1. Identify the data to maintain
Monitor database table size and growth rate and collect growth statistics from the production database on either a weekly or monthly basis. IBM recommends to collect this information during the weekend to prevent disruptions to work that is being completed during the week. The method used to track database growth over time depends on the database type.
dbgrowth utility
- Set up the dbgrowth database table:
CREATE TABLE dbgrowth ( rundate DATE DEFAULT CURRENT DATE NOT NULL, tabschema VARCHAR(128) NOT NULL, tabname VARCHAR(128) NOT NULL, card BIGINT DEFAULT 0 NOT NULL ) IN USERSPACE1 INDEX IN USERSPACE1; ALTER TABLE dbgrowth ADD PRIMARY KEY (rundate,tabschema,tabname);
- Create a cron job to populate the dbgrowth table every Sunday. Create a script that is called dbgrowth.sql with the following contents:
SELECT 'WARNING: The last statistics for table ' || rtrim(tabschema) || '.' || tabname || ' ' || ' were taken on ' || char(date(stats_time)) || '. The dbgrowth script requires the stats be up to date.' warning
FROM syscat.tables where date(stats_time) < current date;
-- in case it is run twice
DELETE FROM dbgrowth WHERE rundate = CURRENT DATE;
-- insert
INSERT INTO dbgrowth ( tabschema, tabname, card ) SELECT tabschema, tabname, card
FROM syscat.tables WHERE card >= 0;
- Use the following SQL to list the fastest growing tables:
SELECT CAST( RTRIM(a.tabschema) || '.' || a.tabname AS VARCHAR(40)) tabname,
b.card begincard,
a.card endcard,
DAYS(a.rundate)
- DAYS(b.rundate) numdays, a.card - b.card growth, (a.card-b.card)/(DAYS(a.rundate)-DAYS(b.rundate)) dailyavg
FROM dbgrowth a,
dbgrowth b
WHERE a.tabschema = b.tabschema
AND b.tabname = a.tabname
AND a.tabschema IN ( 'DB2INST1' )
AND a.rundate = ( SELECT MAX(rundate) FROM dbgrowth )
AND b.rundate = ( SELECT MAX(rundate) FROM dbgrowth WHERE rundate < (SELECT MAX(rundate) FROM dbgrowth ))

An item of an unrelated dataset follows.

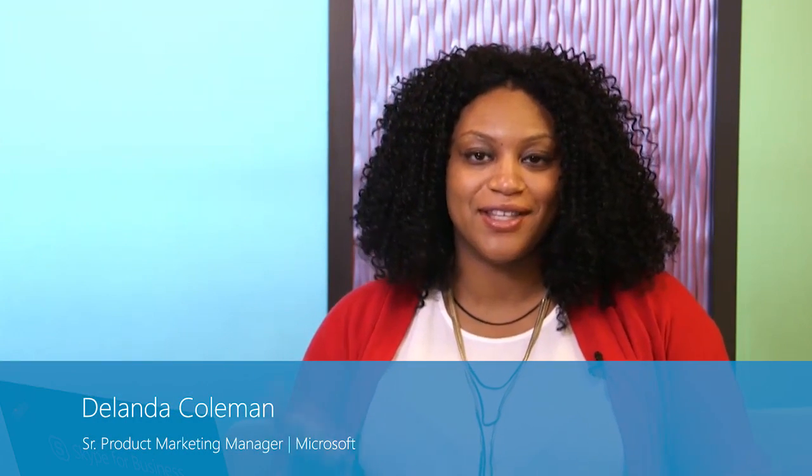Good morning, everyone. Thanks for joining us. I'm not your usual host today. My name is Delonda Coleman and I'm with the Skype for Business product marketing team.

AND a.card - b.card > 1000
ORDER BY a.card - b.card DESC
FETCH FIRST 50 ROWS ONLY WITH UR;
To compare with the previous one use:
AND b.rundate = ( SELECT MAX(rundate) FROM dbgrowth WHERE rundate < (SELECT MAX(rundate) FROM dbgrowth ))
To compare with a specific date use:
AND b.rundate = ( SELECT MAX(rundate) - 7 DAYS FROM dbgrowth )

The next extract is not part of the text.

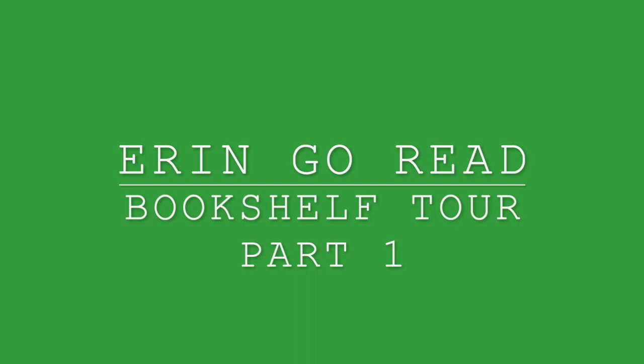Hi book friends, I'm Erin and this is Erin Go Read. Today I'm going to do a bookshelf tour. I always enjoy seeing other people's reading spaces and how they've organized their books. I'm not going to go one by one reading each individual title, but I will pull out some standouts and give you an overall idea of how I organize my books. This is in my living room, so I'll give you a brief look at that.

The dbgrowth utility saves the current row count for each database table that is found on the card column of the syscat.tables table. This number is accurate only if the statistics of this database table are current.
dbgrowth utility
- Set up the dbgrowth database table:
CREATE TABLE dbgrowth ( rundate DATE NOT NULL, tabschema VARCHAR2 (30) NOT NULL, tabname VARCHAR2 (50) NOT NULL, card NUMBER DEFAULT 0 NOT NULL ); ALTER TABLE dbgrowth ADD PRIMARY KEY (rundate,tabschema,tabname);
- Create a cron job to populate the dbgrowth table every Sunday. Create a script that is called dbgrowth.sql with the following contents:
SELECT 'WARNING: The last statistics for schema ' || rtrim(owner) || ' were taken on ' || to_char(LAST_ANALYZED,'dd-mon-yyyy') || '. The dbgrowth script requires the stats be up to date.' warning
FROM dba_tables where round(LAST_ANALYZED) < round(sysdate) and owner = 'WCS' and rownum < 2;
-- in case it is run twice
DELETE FROM dbgrowth WHERE rundate = round(sysdate);
-- insert
INSERT INTO dbgrowth ( rundate, tabschema, tabname, card ) SELECT round(sysdate), owner, table_name, nvl(num_rows,0)
FROM dba_tables WHERE OWNER = 'WCS';where WCS is the schema name for the WebSphere Commerce repository.
- Use the following SQL to list the fastest growing tables:
SELECT RTRIM(a.tabschema) || '.' || a.tabname tabname, b.card begincard, a.card endcard, a.rundate - b.rundate numdays, a.card - b.card growth, (a.card-b.card)/(a.rundate-b.rundate) dailyavg FROM dbgrowth a, dbgrowth b WHERE a.tabschema = b.tabschema AND b.tabname = a.tabname AND a.tabschema IN ( 'WCS' ) AND a.rundate = ( SELECT MAX(rundate) FROM dbgrowth ) AND b.rundate = ( SELECT MAX(rundate) FROM dbgrowth WHERE rundate < (SELECT MAX(rundate) FROM dbgrowth )) AND a.card - b.card > 1000 AND ROWNUM < 50 ORDER BY a.card - b.card DESC; To compare with the previous one use: AND b.rundate = ( SELECT MAX(rundate) FROM dbgrowth WHERE rundate < (SELECT MAX(rundate) FROM dbgrowth )) To compare with a specific date use: AND b.rundate = ( SELECT MAX(rundate) - 7 DAYS FROM dbgrowth )
The dbgrowth utility saves the current row count for each database table that is found on the card column of the dba_tables table. This number is accurate only if the statistics of this database table are current.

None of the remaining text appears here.